By the way, the writing style seems to improve as the book continues, or maybe the story becomes so engrossing that the style weaknesses (such as incorrect word use) are no longer as noticeable.
Catherine was saved and eventually married the man she had been living with. Her new husband “repented and gave his life to God,” but there’s no mention of his coming to saving faith in Jesus Christ or receiving Jesus as his Savior. His subsequent life reveals that he was not born again. Nevertheless, he represented himself as a Christian, tried in his own power to clean up his life, and even attended a Bible college for several months. Eventually the couple divorced.
The part of the story relevant to believers and churches today begins when Catherine learns that her ex-husband is sexually abusing their four children.
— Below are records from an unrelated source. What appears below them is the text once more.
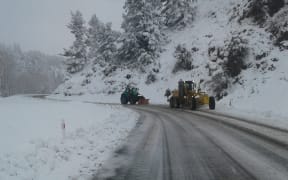 Route 70, the Waiau / Mt Lyford road in Canterbury,closed by snow.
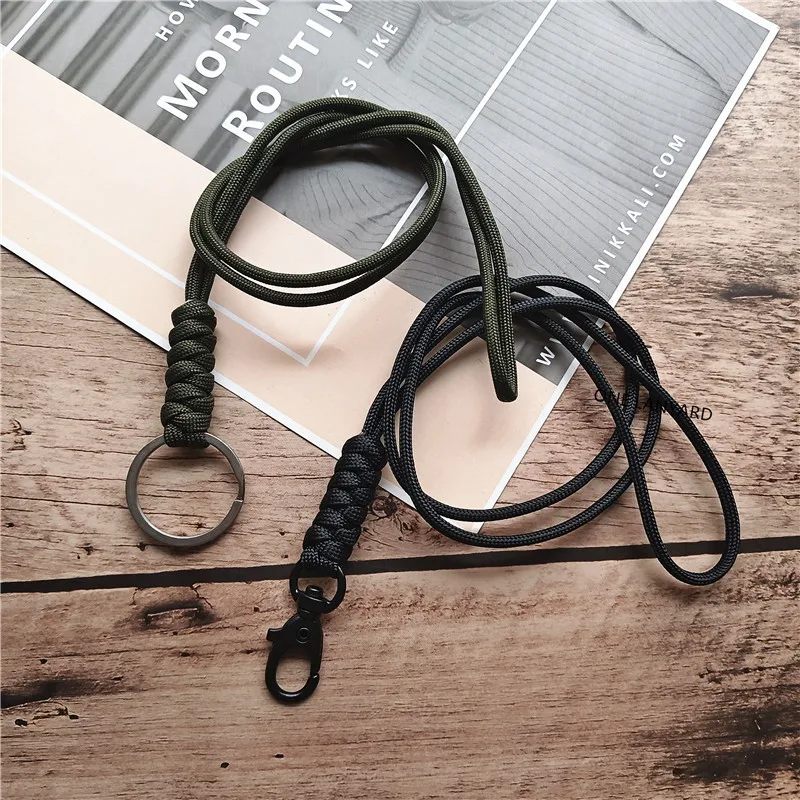 Outdoor Rock Climbing Metal Clip Parachute Cord Hanging Neck Rope Lanyard for Phone Camera USB Holder ID Card Badge Holder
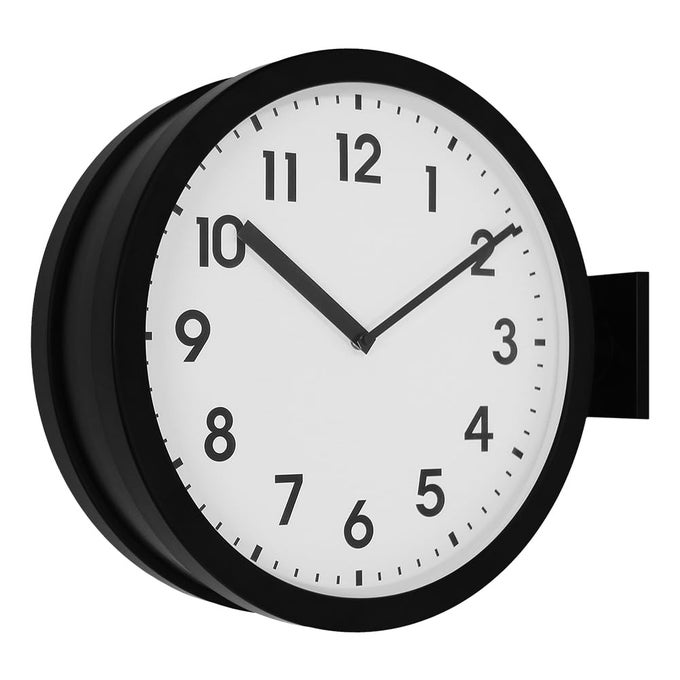 66289A 15INCH DOUBLE SIDED ALUMINUM WALL CLOCKMINIMALIST DESIGNED CLASSIC STATION CLOCK MADE OF ALUMINUM QUIETELEGANTCLASSY STYLEHOMEOFFICELIVINGKITCHENBEDROOM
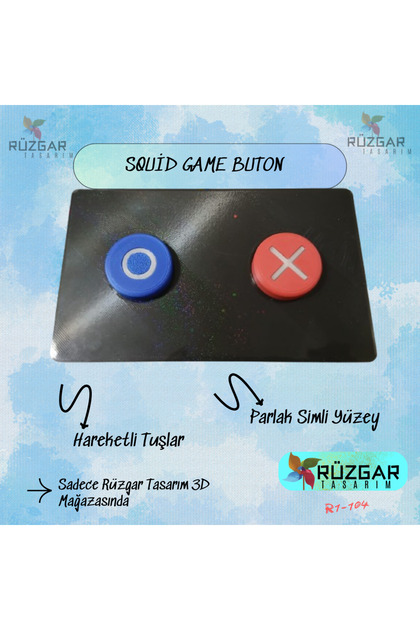 Squid Game X O Buton Oyuncak 2. ve 3. Sezon Düğme Simli Parlak Yüzey 17x10 cm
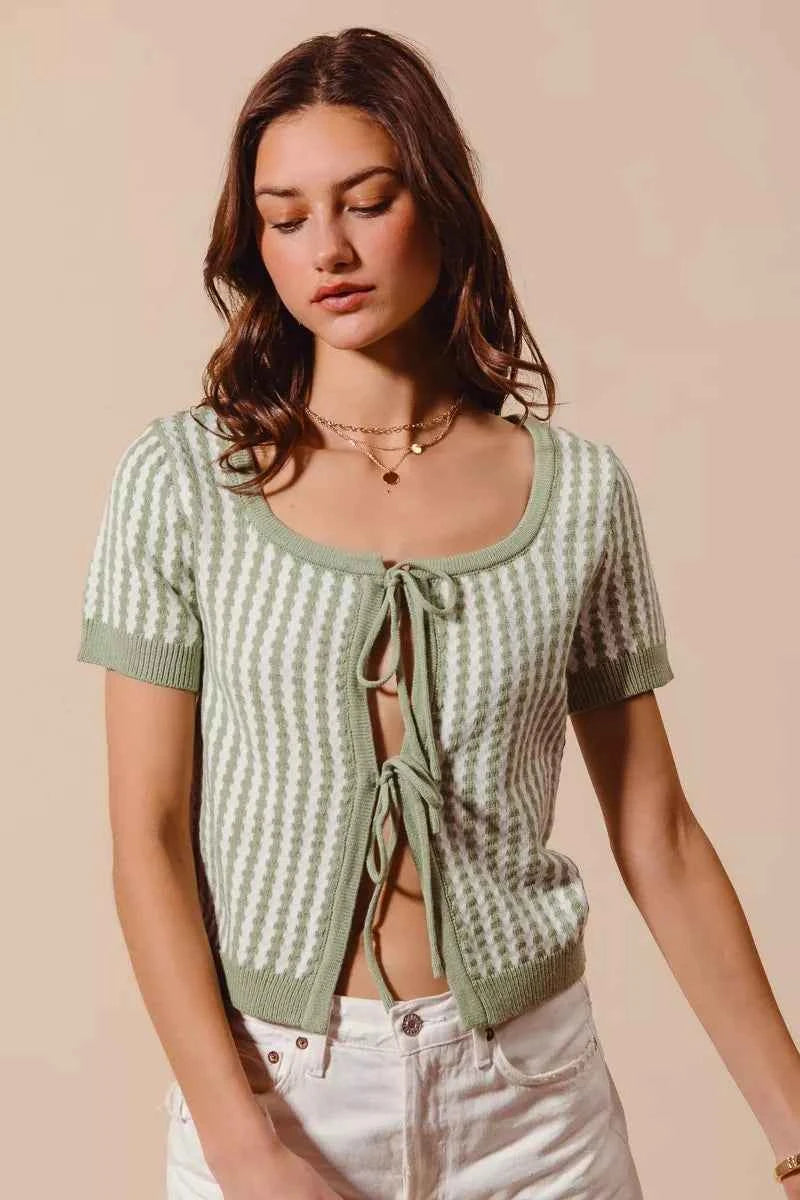 SO ME Knit Cardigan Sage Green Textured Vertical Stripe Tie Front c5823727-bd90-41a0-b22a-d661f71c7fd8-Max-Origin Trendsi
Her story tells how God’s grace and power in her children’s lives broke the cycle of generations of sexual abuse—the sins of the fathers being visited upon the children, as she says.
Catherine learned slowly over time the extent of the abuse that her children suffered when they visited their father and his family. The story covers Catherine’s efforts to keep her children safe from further abuse, the legal aspects and trial, and how God carried them all through that difficult time. The perpetrators went unpunished in this life; justice was not served by the legal system. And perhaps because of that outcome, this is a story of true victory in Jesus.
Laughter Calls Me would be a good book to read and discuss, particularly concerning the ramifications for a church’s ministry to people like Catherine and her children.